А из водоворота потом «вылезала всяка нечисть». И жители ближних домов жаловались, что та нечисть измывается над православными, «поганые рожи корчат, да срамные слова кричат».
Где находился тот мост, какие берега соединял — толком никто не знал. Зато знатокам петербургских тайн доподлинно было известно, что мост-оборотень мог быстро окутываться туманом и «заводить неведомо куда» одинокого пешехода… В иные времена, в иные земли. Откуда не бывает возврата.

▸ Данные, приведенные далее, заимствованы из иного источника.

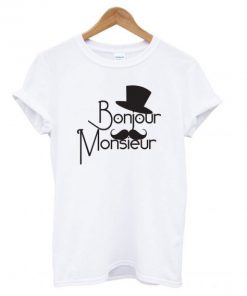 Bonjour Monsieur’ T shirt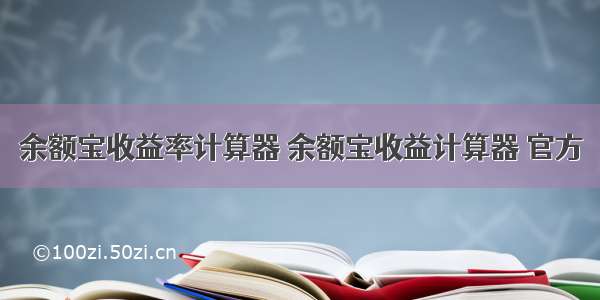 余额宝收益率计算器 余额宝收益计算器 官方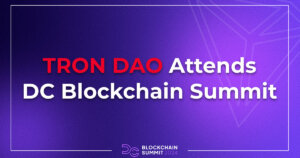 TRON DAO at DC Blockchain Summit Ad Events 3 weeks ago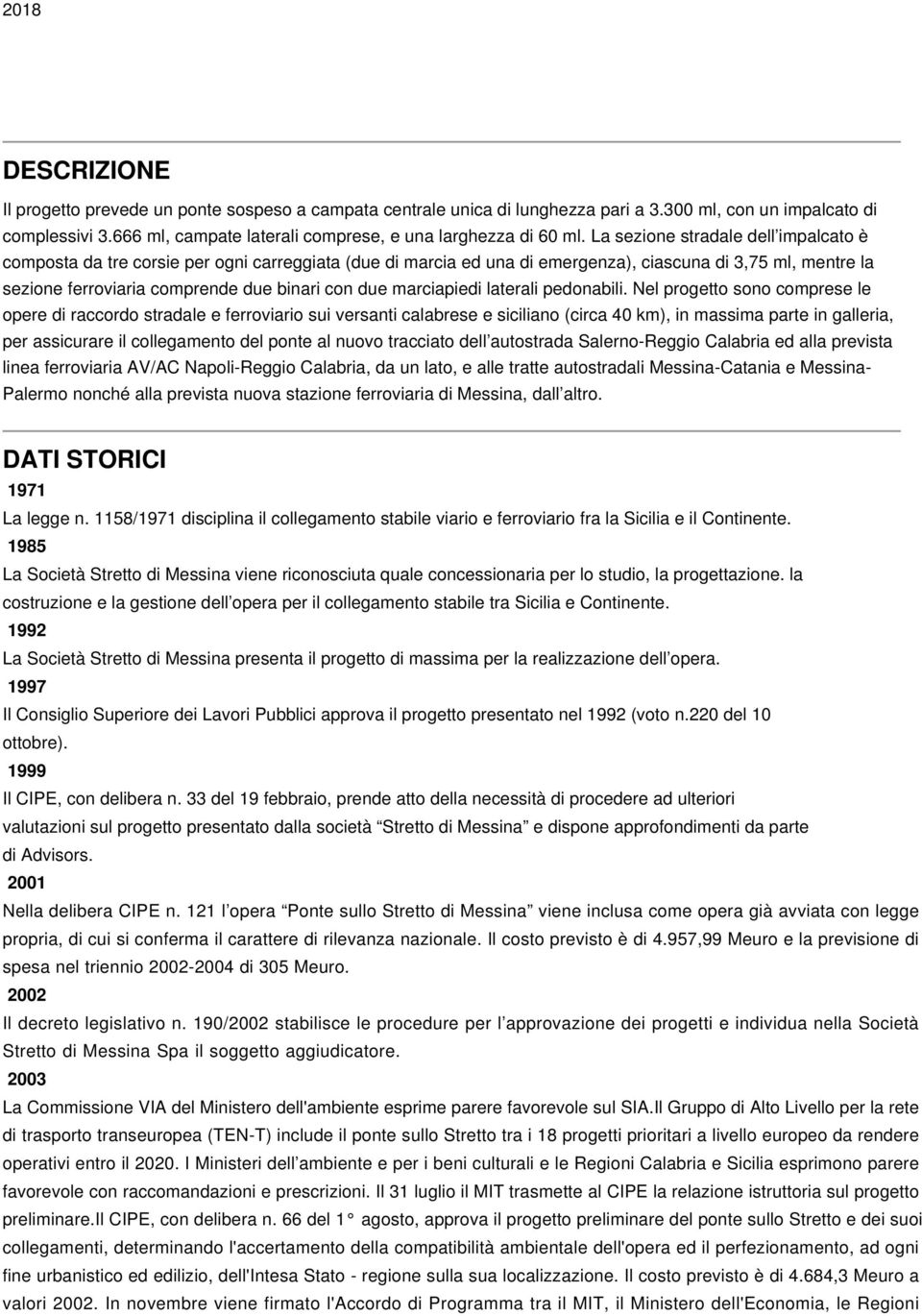 La sezione stradale dell impalcato è composta da tre corsie per ogni carreggiata (due di marcia ed una di emergenza), ciascuna di 3,75 ml, mentre la sezione ferroviaria comprende due binari con due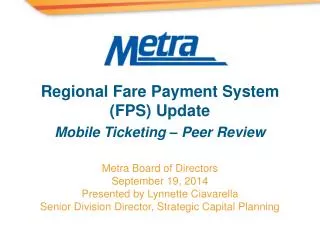 Metra Board of Directors September 19, 2014 Presented by Lynnette Ciavarella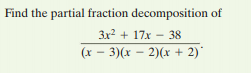 Find the partial fraction decomposition of
3x2 + 17x - 38
(x - 3)(x – 2)(x + 2)
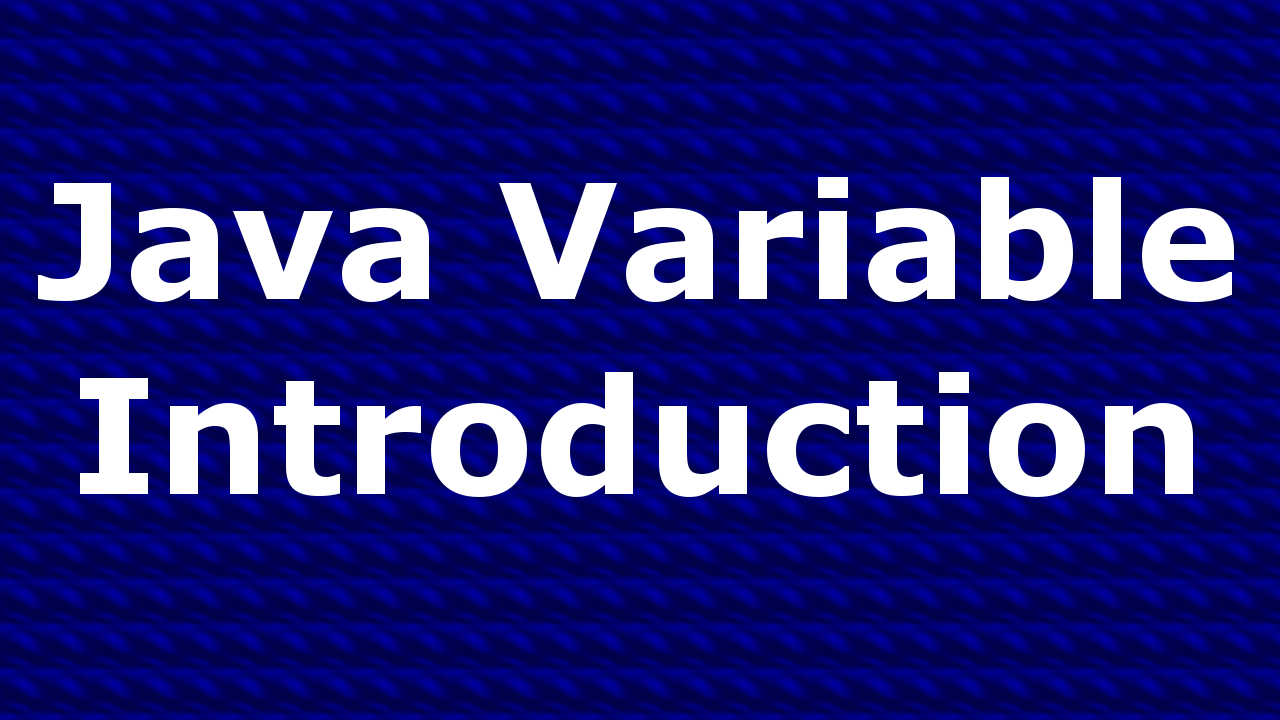 Introduction To Java Variables With Examples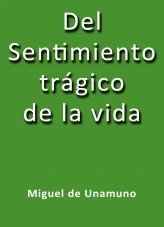 Libro El sentimiento trágico de la vida, autor José Borja Botía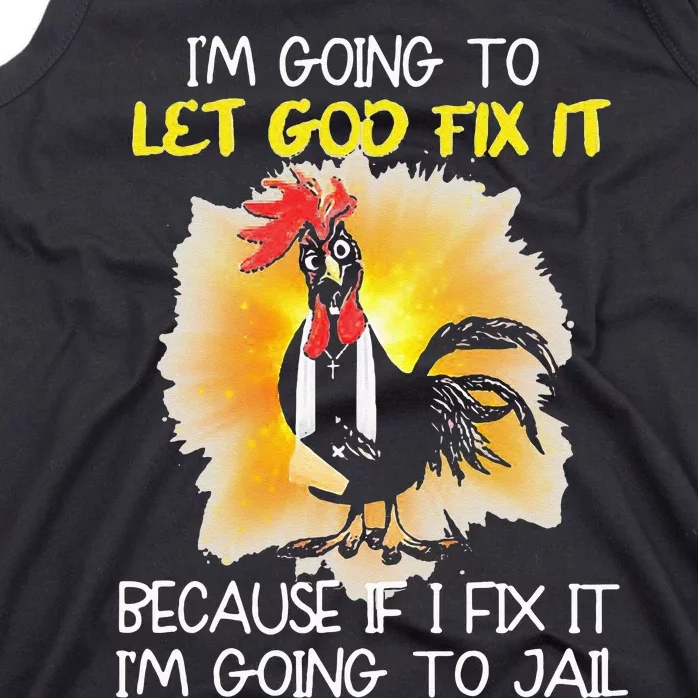 Chicken Im Going To Let God Fix It Because If I Fix It Tank Top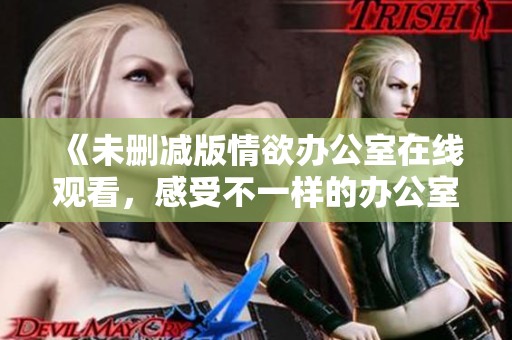 《未删减版情欲办公室在线观看，感受不一样的办公室情感世界》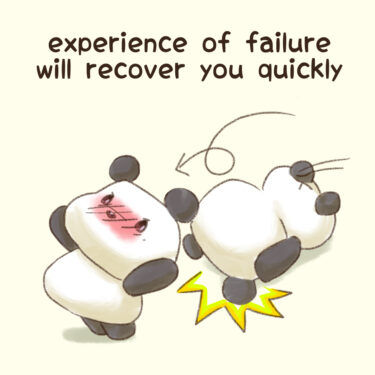 experience of failure will recover you quickly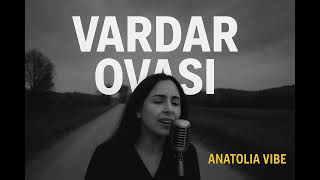 Vardar Ovası - Psychedelic Anatolian Rock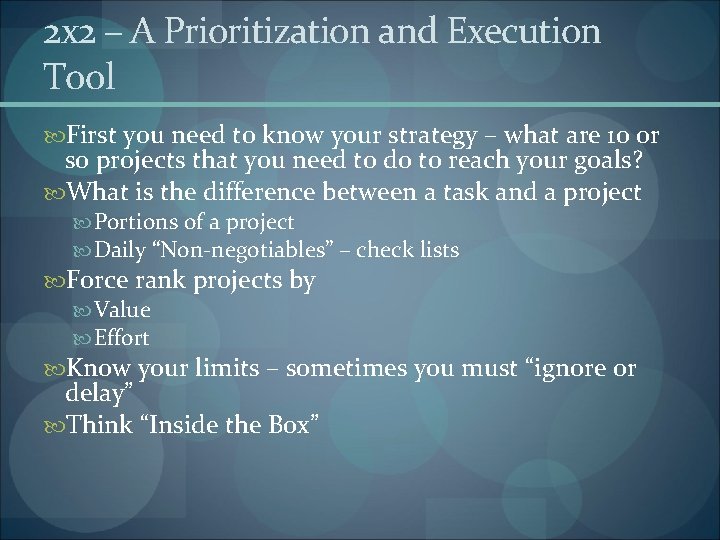 2 x 2 – A Prioritization and Execution Tool First you need to know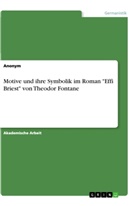 anonym, Anonymous - Motive und ihre Symbolik im Roman "Effi Briest" von Theodor Fontane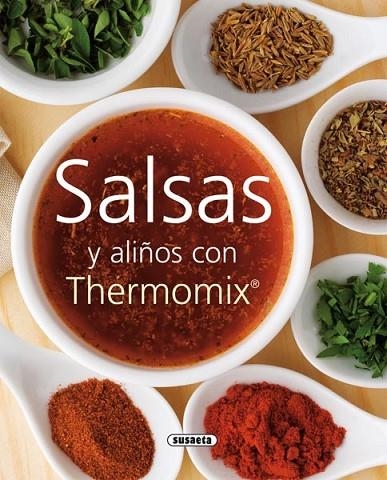 SALSAS Y ALIÑOS CON THERMOMIX | 9788467705492 | SUSAETA, EQUIPO | Llibreria L'Odissea - Libreria Online de Vilafranca del Penedès - Comprar libros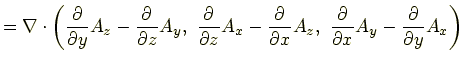 $\displaystyle = \nabla\cdot\left(\frac{\partial}{\partial y}A_z - \frac{\partia...
... x}A_z,  \frac{\partial}{\partial x}A_y - \frac{\partial}{\partial y}A_x\right)$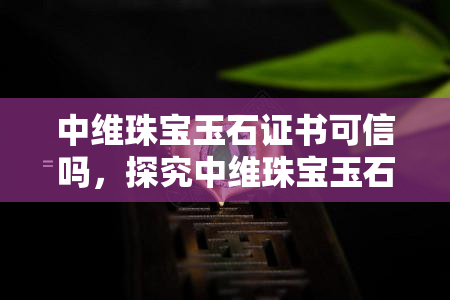 中维珠宝玉石证书可信吗，探究中维珠宝玉石证书的可信度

Говорили также, что мост-оборотень и черный водоворот притягивали со всего Петербурга самоубийц. А когда те бросались в воду, будто раздавался радостный хохот ведьмы, которую тайком замуровали в мост еще во времена Анны Иоанновны по приказу ее фаворита Бирона.
Еще и в наше время порой можно встретить у Литейного моста людей, которые тайком сбрасывают в реку монеты и выплескивают красное вино. Лишь немногие догадаются, что эти люди просят кровавый камень Атакан, затаившийся на дне Невы, никого больше не губить.
«Голова Великого змея требует жертв»
Бруклинский мост через Ист-Ривер был построен в 1883 году. Его мощные порталы и напряженные тросы, возвышающиеся над городом и водой, вызывали у многих восхищение.
Создатели моста инженеры Джон Реблинг и его сын Вашингтон принимали заслуженные поздравления, начиная от президента страны и заканчивая простыми жителями Нью-Йорка.
Однако нашлись и недоброжелатели, и зловещие предсказатели. Литейный и Бруклинский мосты разделяют тысячи километров, а легендов о них сходные.
У индейцев племени алгонкины, обитавших на острове Манхэттен, существовало предание о камне — пожирателе животных и людей. Как Атакан с Невы, ист-риверский также требовал у алгонкинов кровавых пожертвований.
До возникновения города Нью-Йорка этот камень, похожий на голову огромного змея, выступал из воды в том месте реки, где в XIX веке появился Бруклинский мост.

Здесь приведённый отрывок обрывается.